__Task goal__
Using the data below, output a verbatim copy of the lines between the one holding "MPLS/VPN Packet Forwarding" and the one holding "新版幼儿园区域材料投放明细.doc_第5页", inclusive, without any pictures.

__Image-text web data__
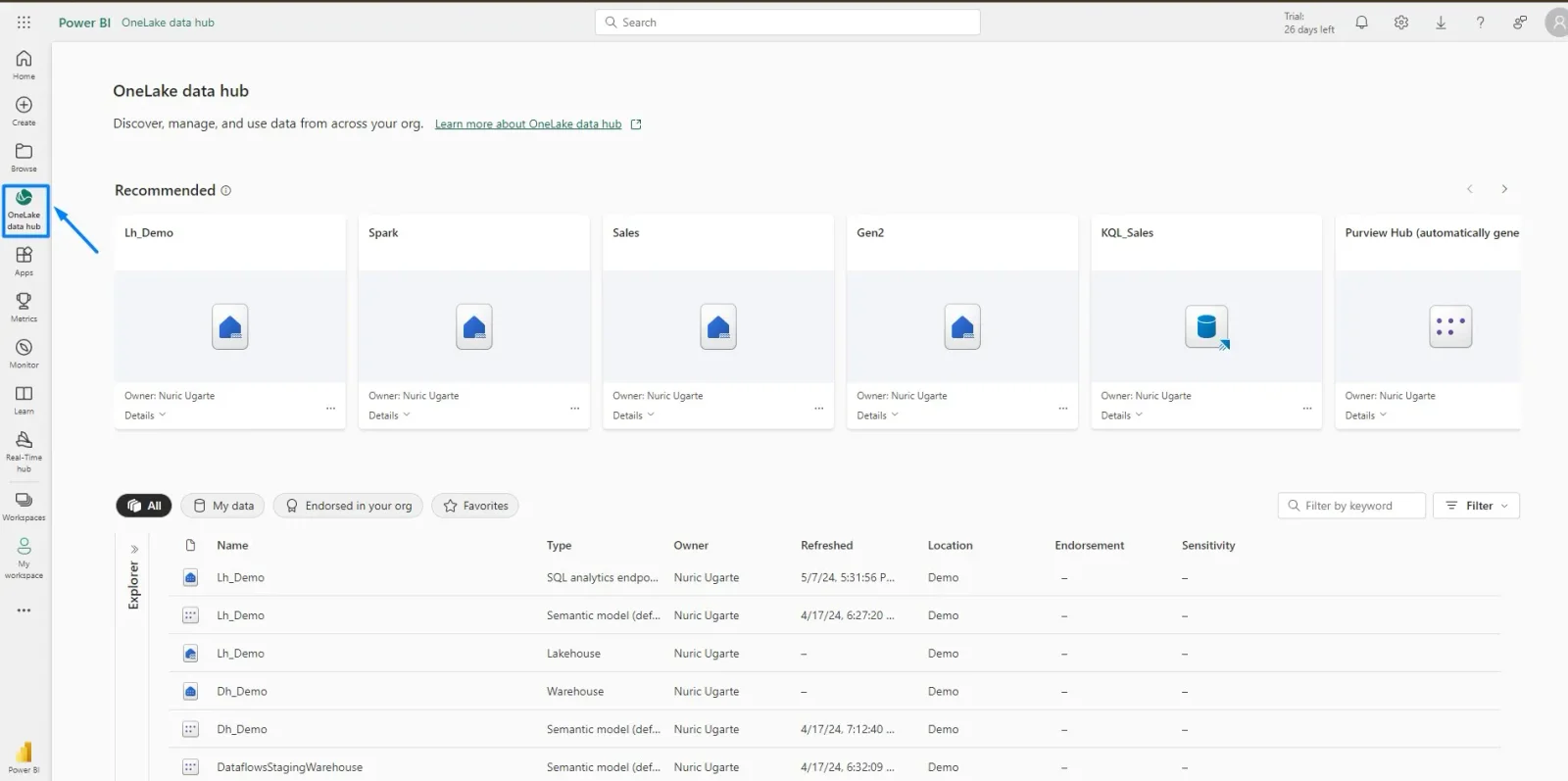 OneLake data hub showing recommended items and data from across the organization
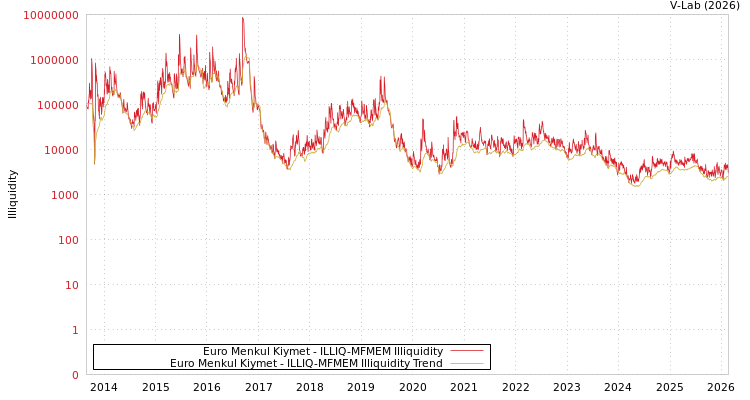 graph of Euro Menkul Kiymet Yatirim O ILLIQ-MFMEM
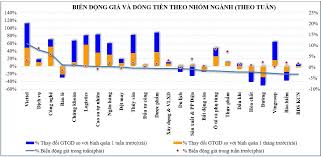 Thị trường chứng khoán: Biến động mạnh, VN-Index “lập đỉnh” giữa tuần, “rời  đỉnh” cuối tuần | Thời báo Tài chính Việt Nam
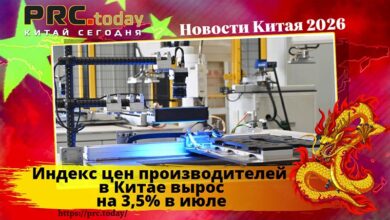 Индекс цен производителей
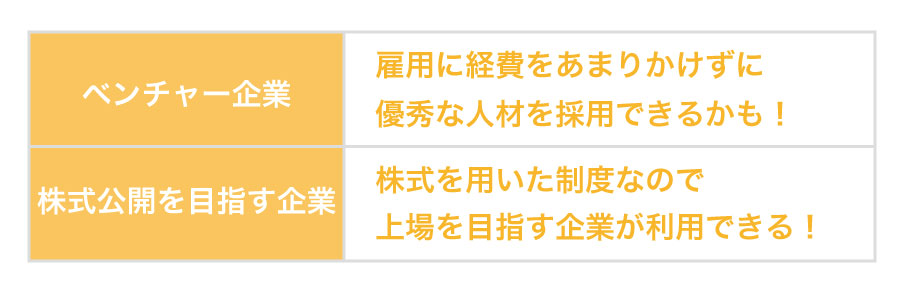 ストックオプション制度を利用して業績向上?!活用方法を知ろう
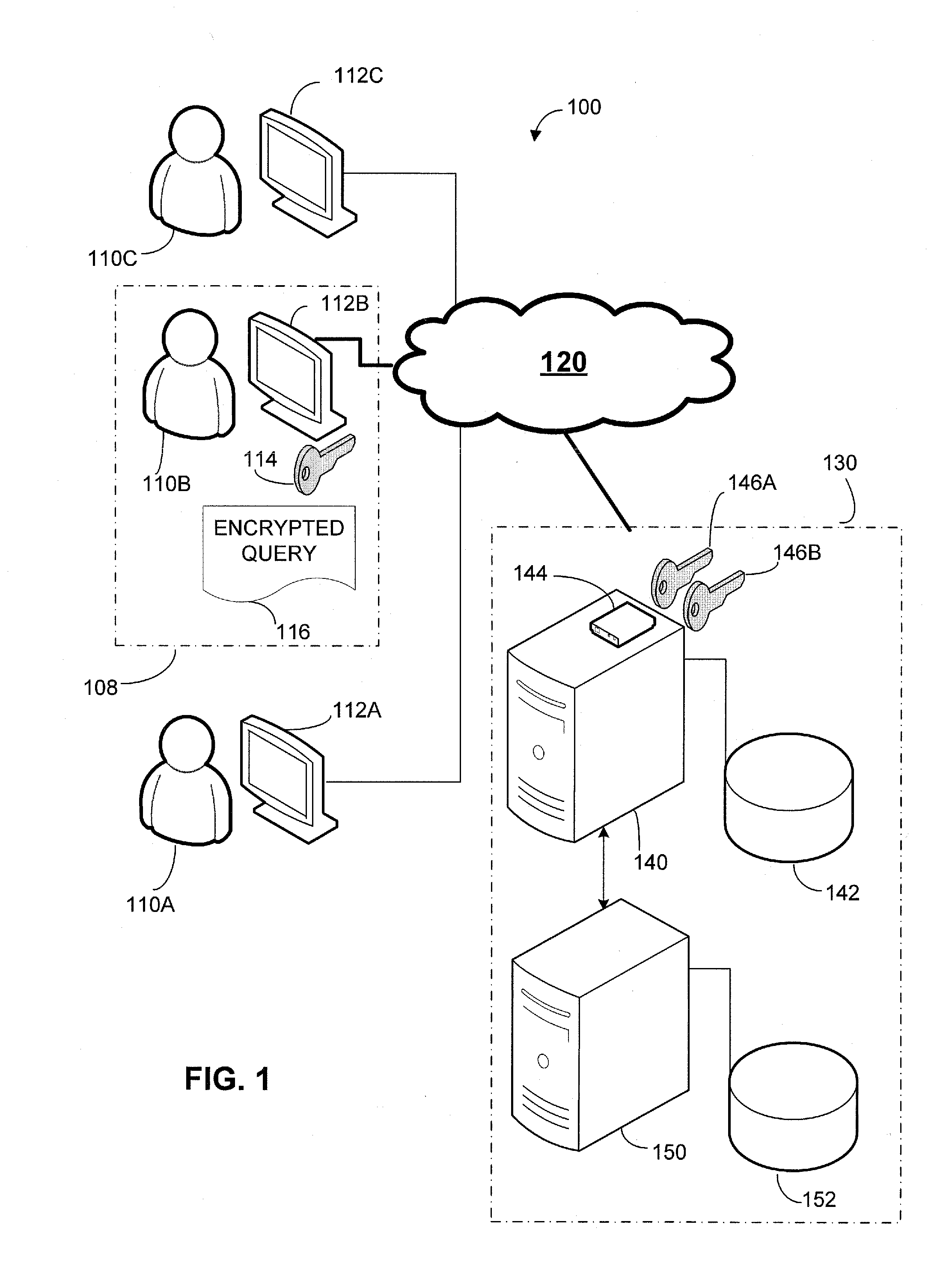 Secure cloud database platform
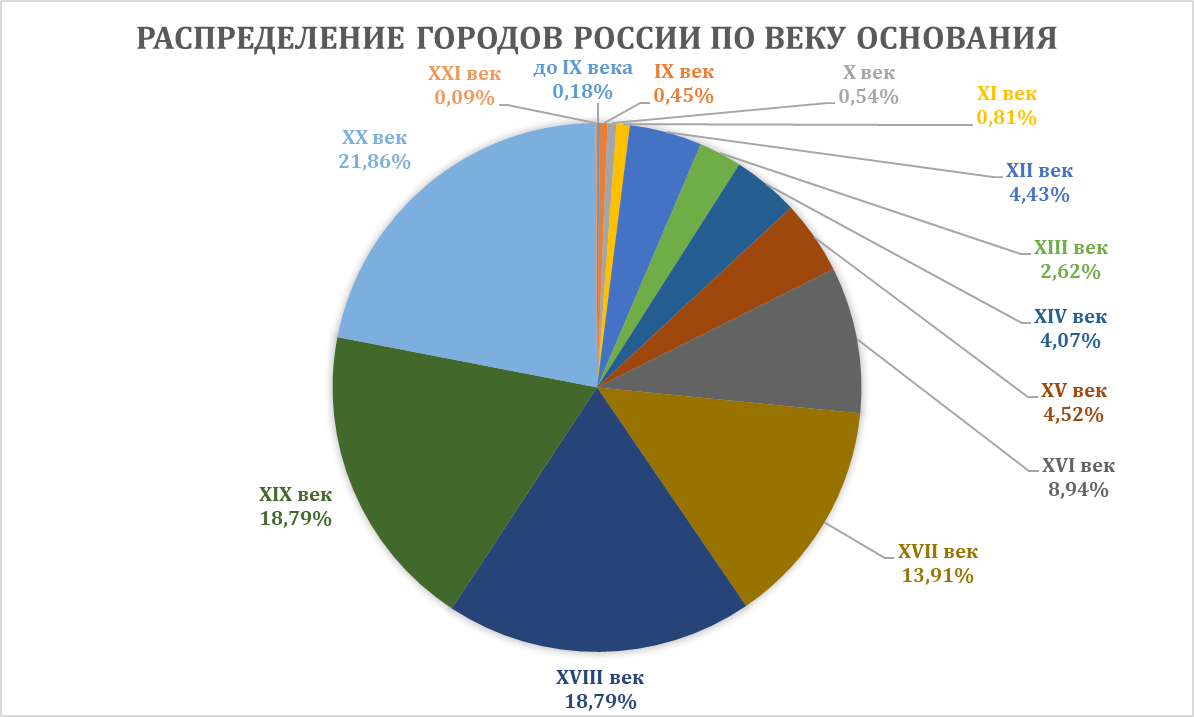 Демографические изменения в России, часть 2: ЮФО-СКФО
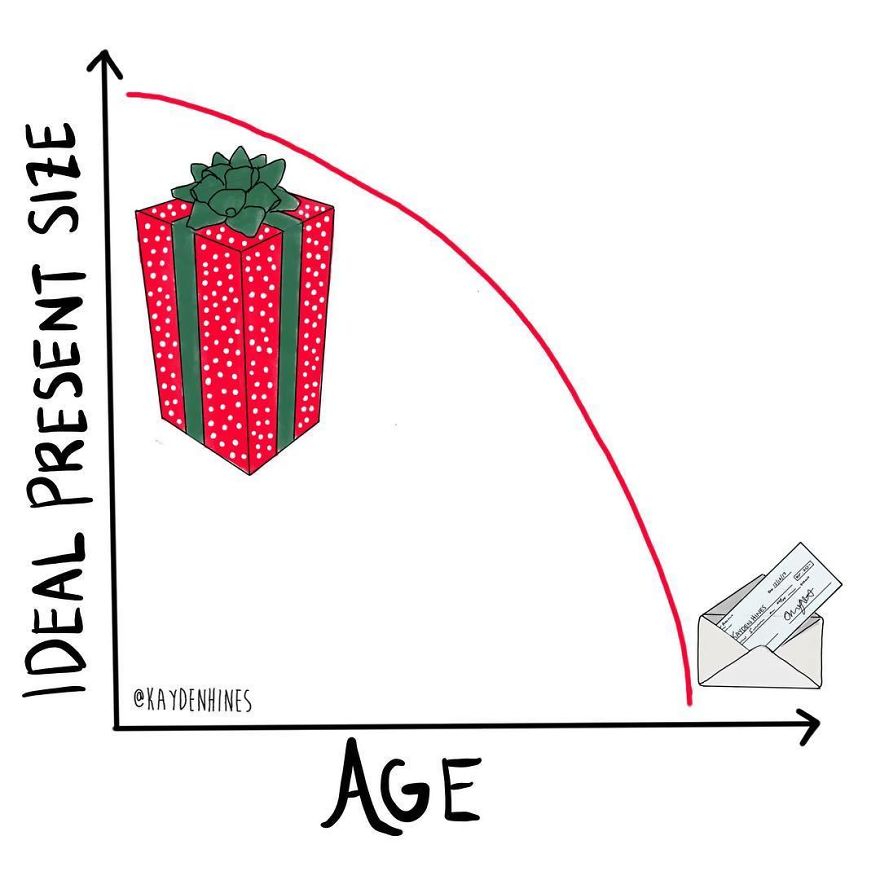 Funny-Life-Illustrations-Kayden-Hines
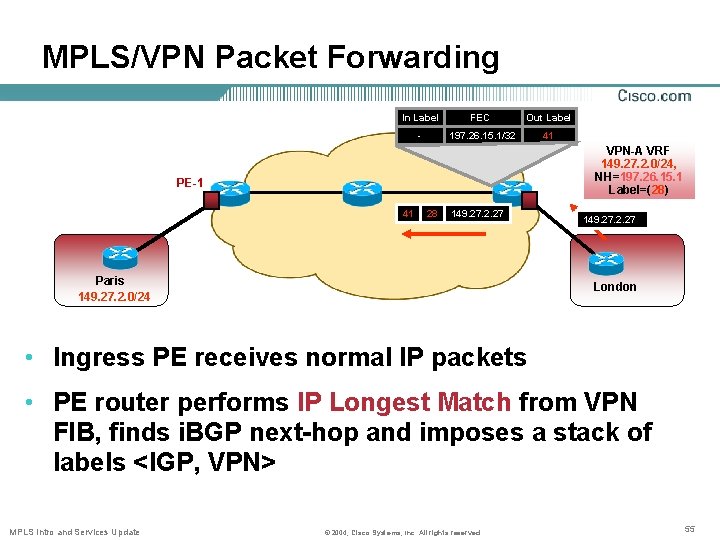 MPLS/VPN Packet Forwarding In Label FEC Out Label - 197. 26. 15. 1/32 41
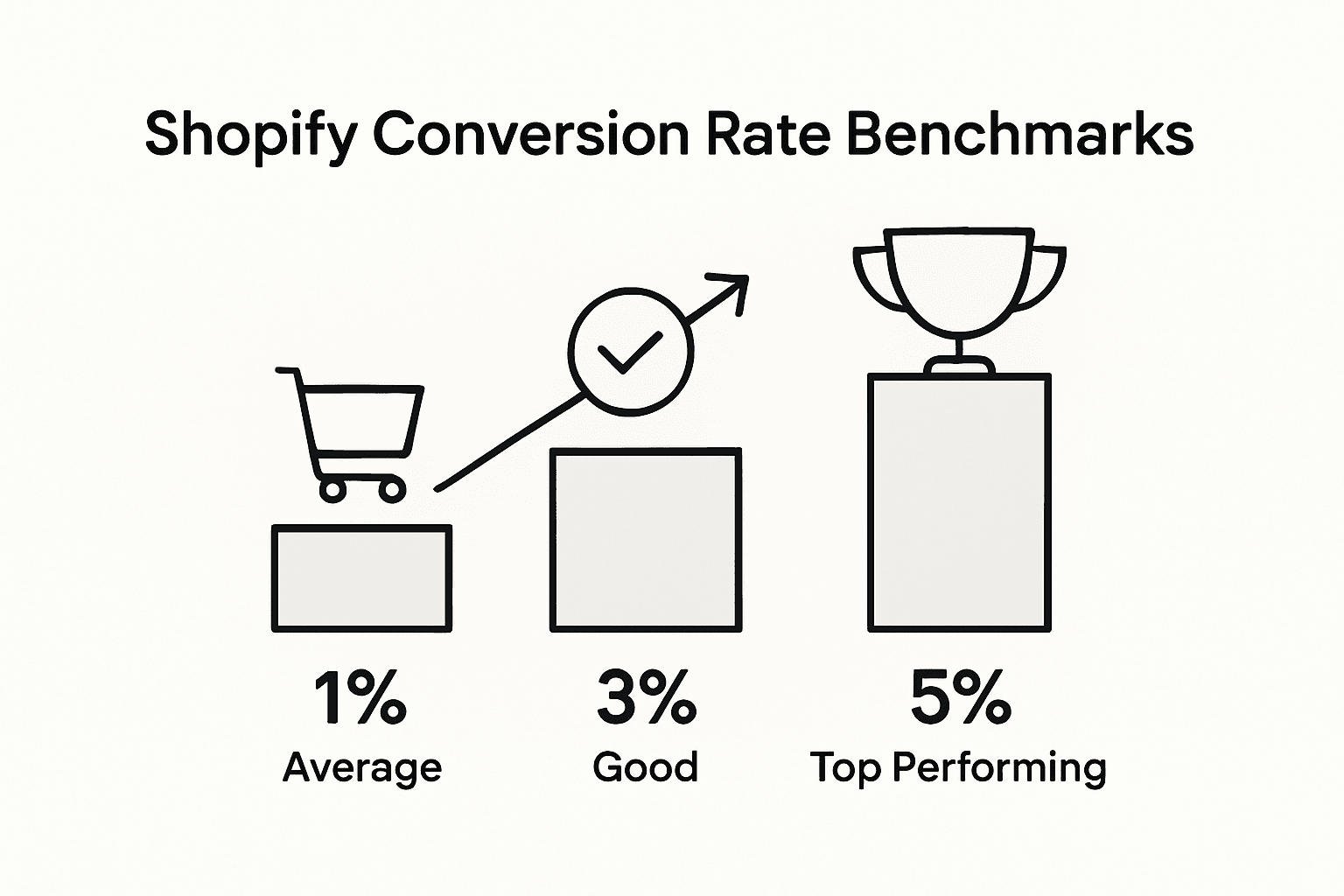 Bar chart shows Shopify conversion rate levels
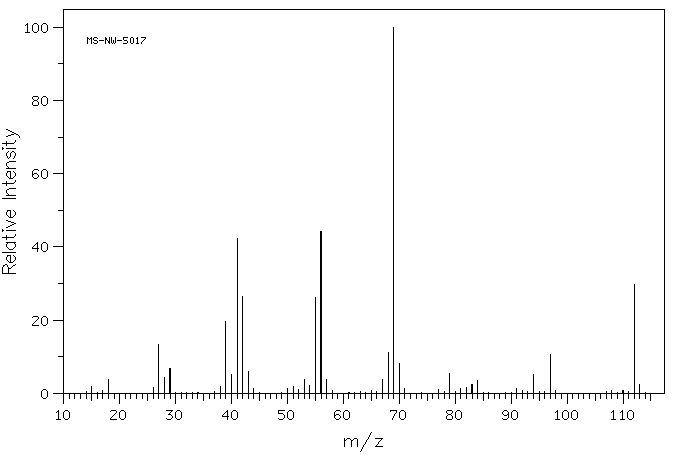 3-METHYLCYCLOHEXANONE(591-24-2) Raman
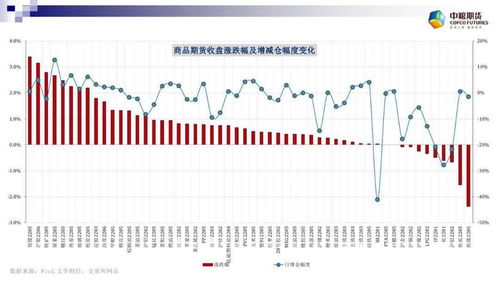 如何看待期货市场的增仓现象？这种现象对投资者有何影响？-第2张图片-领航者区块链资讯站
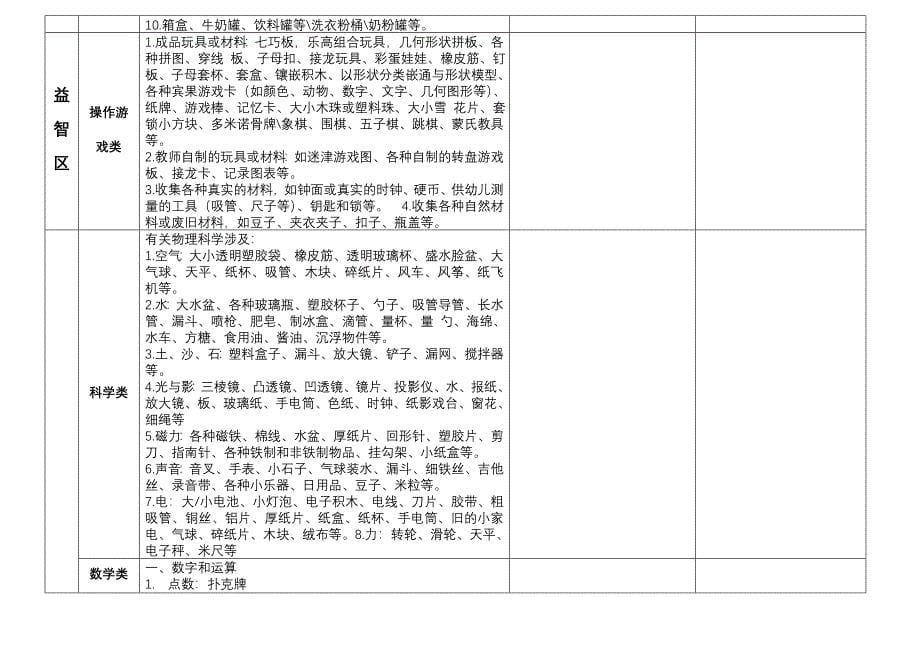 新版幼儿园区域材料投放明细.doc_第5页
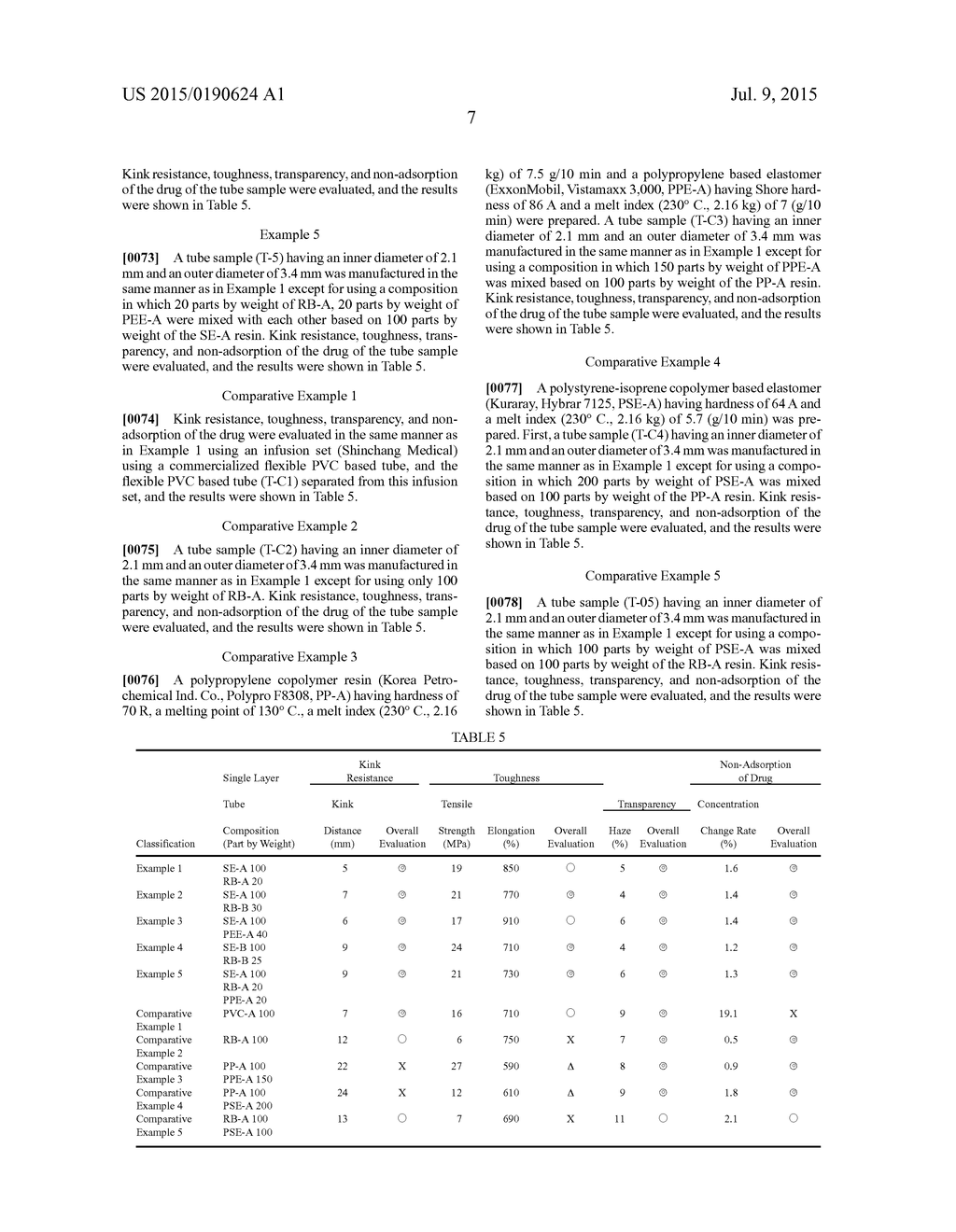 POLYVINYL CHLORIDE-FREE MEDICAL TUBE, AND MOLDED ARTICLES AND MEDICAL     SUPPLIES PRODUCED THEREWITH - diagram, schematic, and image 09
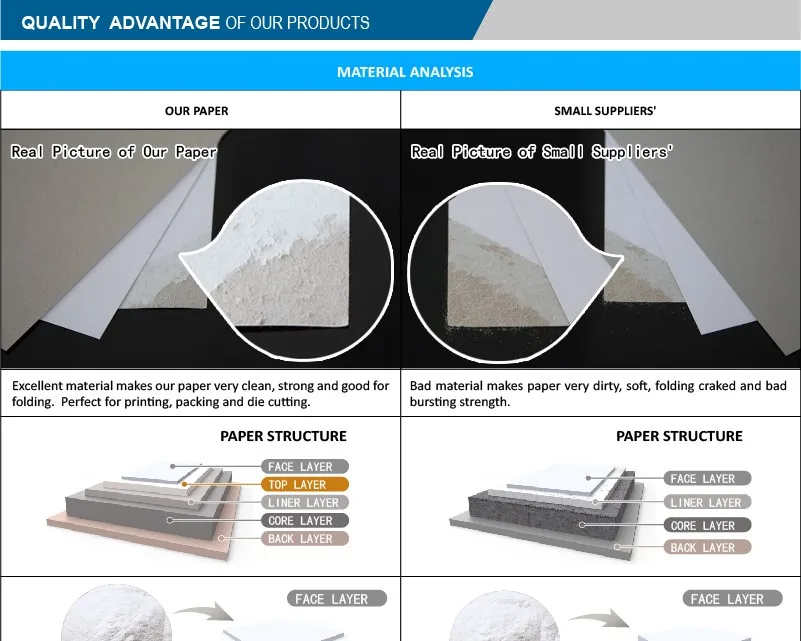 3.  Quality advantage.jpg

__Answer__
 MPLS/VPN Packet Forwarding In Label FEC Out Label - 197. 26. 15. 1/32 41
 Bar chart shows Shopify conversion rate levels
 3-METHYLCYCLOHEXANONE(591-24-2) Raman
 如何看待期货市场的增仓现象？这种现象对投资者有何影响？-第2张图片-领航者区块链资讯站
 新版幼儿园区域材料投放明细.doc_第5页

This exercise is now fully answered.